I think storage is still pretty expensive. It's cheaper than it used to be, but hosting unlimited hours of video indefinitely is not cheap. Especially if it isn't done by someone that owns the disks themselves (paying for cloud storage), and colocation is a pretty hurdle that I can't imagine being done as a non-profit.
Unfortunately 😢
Even with newer video compression? If your device just had to decompress the local video wouldn't that help? Sorry, it's been a while since I've been up to date on this stuff because looking into tech spaces is like peering into a portal to hell
Your device receives a stream of compressed video data and decompresses and renders it on the fly. The tech is called Dynamic Adaptive Streaming over HTTP (DASH). Small chunks are streamed at a time so the server isn't wasting resources sending the entire video file, based on the bandwidth available, desired resolution, and so on. It's why a YouTube video will never fully buffer, it's just sending the next few seconds and then waiting until it needs to send more.

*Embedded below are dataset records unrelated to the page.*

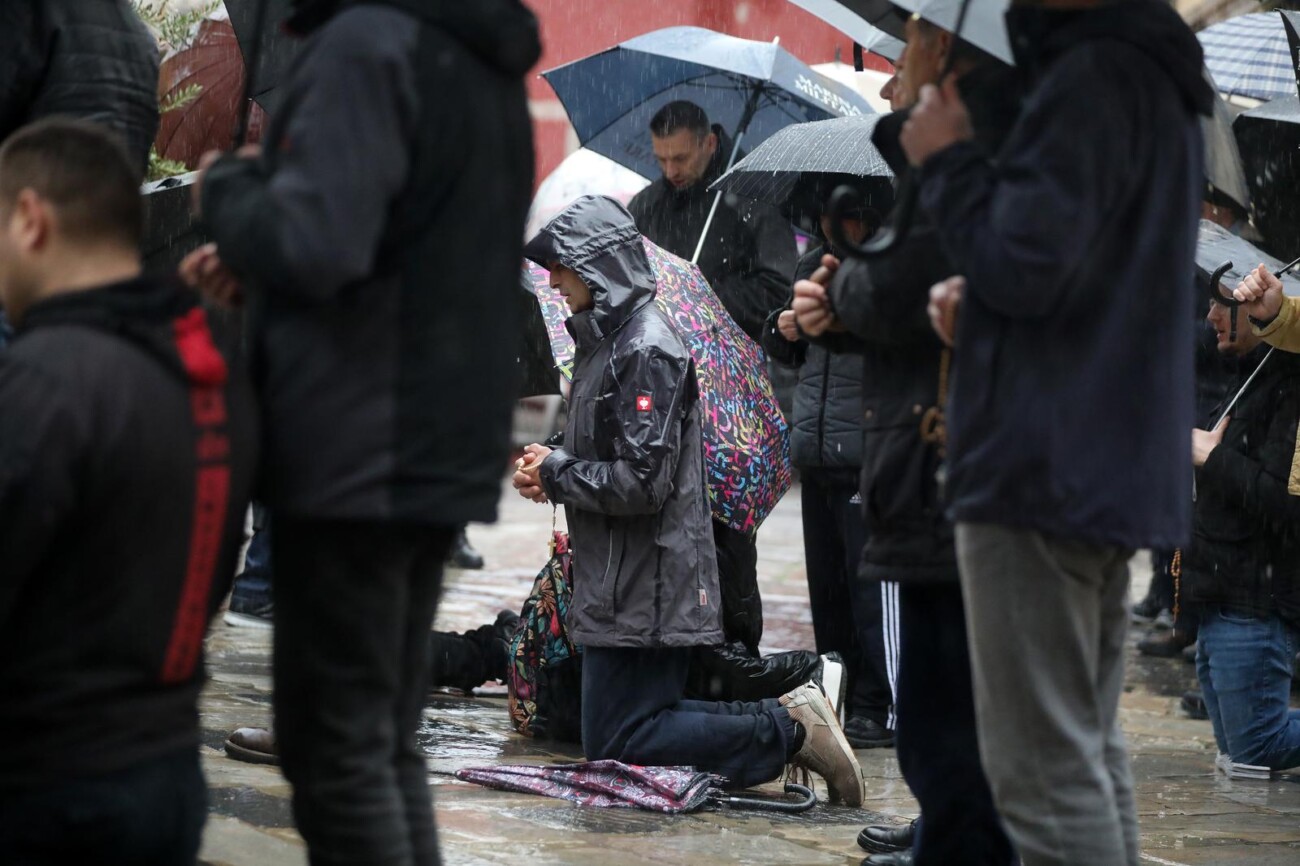 Rijeka: Molitelji pred katedralom Svetog Vida Rijeka: Molitelji pred katedralom Svetog Vida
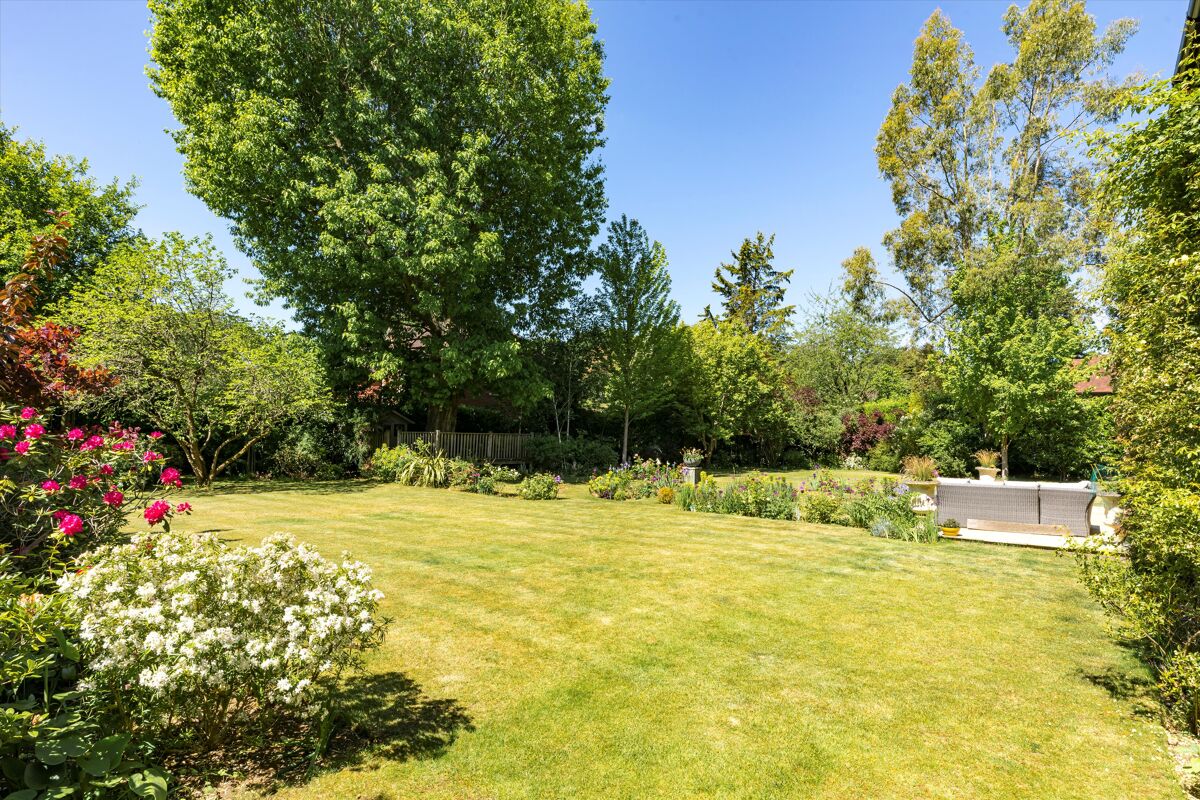 house for sale in Mark Way, Godalming, Surrey, GU7 GLD012064155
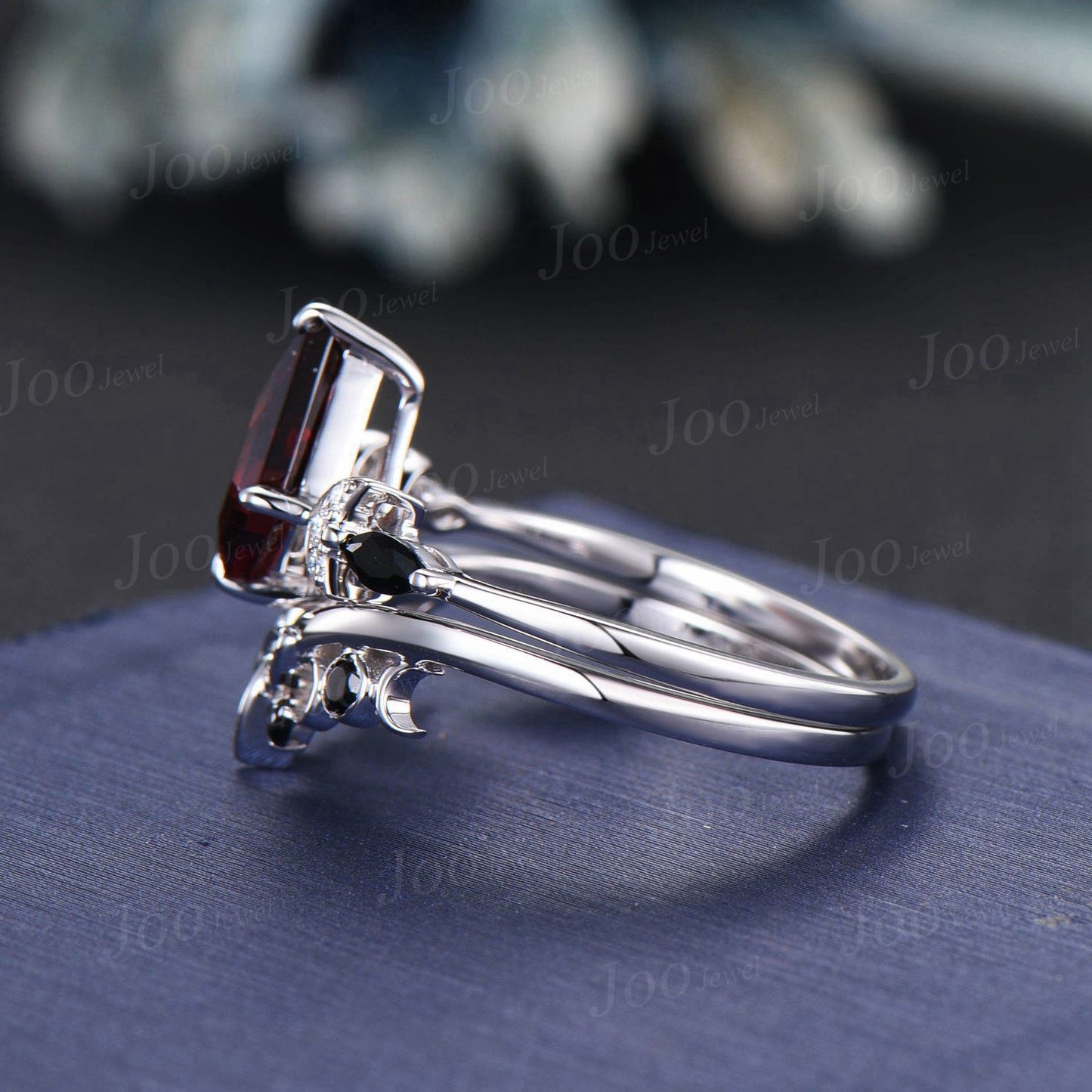 Unique Kite Cut Natural Red Garnet Engagement Ring Set Crescent Moon Wedding Ring Garnet and Black Gemstone Ring Celtic Knot Gothic Ring Set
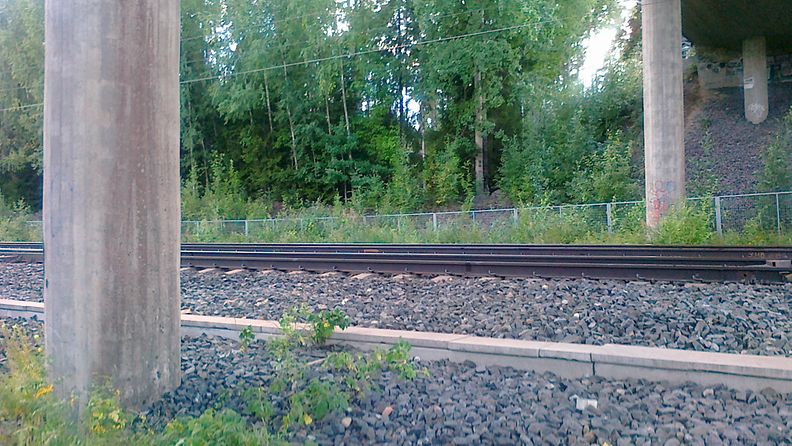 13-vuotias poika jäi IC-junan alle Sääksjärventien ylikulkusillan kohdalla Lempäälässä.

Video is also really expensive. If we were still watching 360p videos it'd be fine, but as computers get more powerful and video serving becomes cheaper, we demand more. 60fps video. 4k video. VR video. And all videos must be stored forever and must start loading in a few seconds max, which means you can't use tape to archive cheaply.
There's just an enormous amount of content, and an enormous amount of users. Even with fancy video compression, it's incredibly, wildly expensive. Afaik it still isn't profitable, nowhere near profitable even with premium and all the ads, it's basically subsidized by Google.
it might be profitable if they enumerated all the datamining they get from it, but there's a variety of reasons to operate at technically a loss
my understanding is that video files are always in their compressed state, and have been since video compression has existed. i.e. it's always the local machine that's decoding the file. that said modern video compression is quite impressive (e.g. the change from h264 to h265), but upgrading all of YT to state of the art codecs is a significant amount of compute, and removing older files might create compatibility issues for users on older HW.
I think ad block can still get YouTube ads, and Invidious also basically blocks YouTube ads.
I had to switch to uBlock Origin Lite recently, and it works just as well on youtube as the full version did.
FireFox, FireFox with custom user.js, any FireFox forks, basically any Chrome forks, they all can use the much better uBlock Origin.
The Lite version isn't better in any way, there's only downsides. It doesn't have like less code or whatever for being "Lite", the main thing is that it is severely limited on the number of websites and ad providers it can work on. It also has limitations on how adblocking works, on the places it does adblock.
But you're right, YouTube is a massive site, so it's on the list, and the tech they develop for the original for YouTube works on the Lite version too.
For sure, but luckily there's zero difference between the two for what I'm using my laptop for. If someone had switched without me knowing I probably wouldn't even have noticed.
use one of the reskin chromes instead of actual chrome and the 100% real sugar ublock origin still works.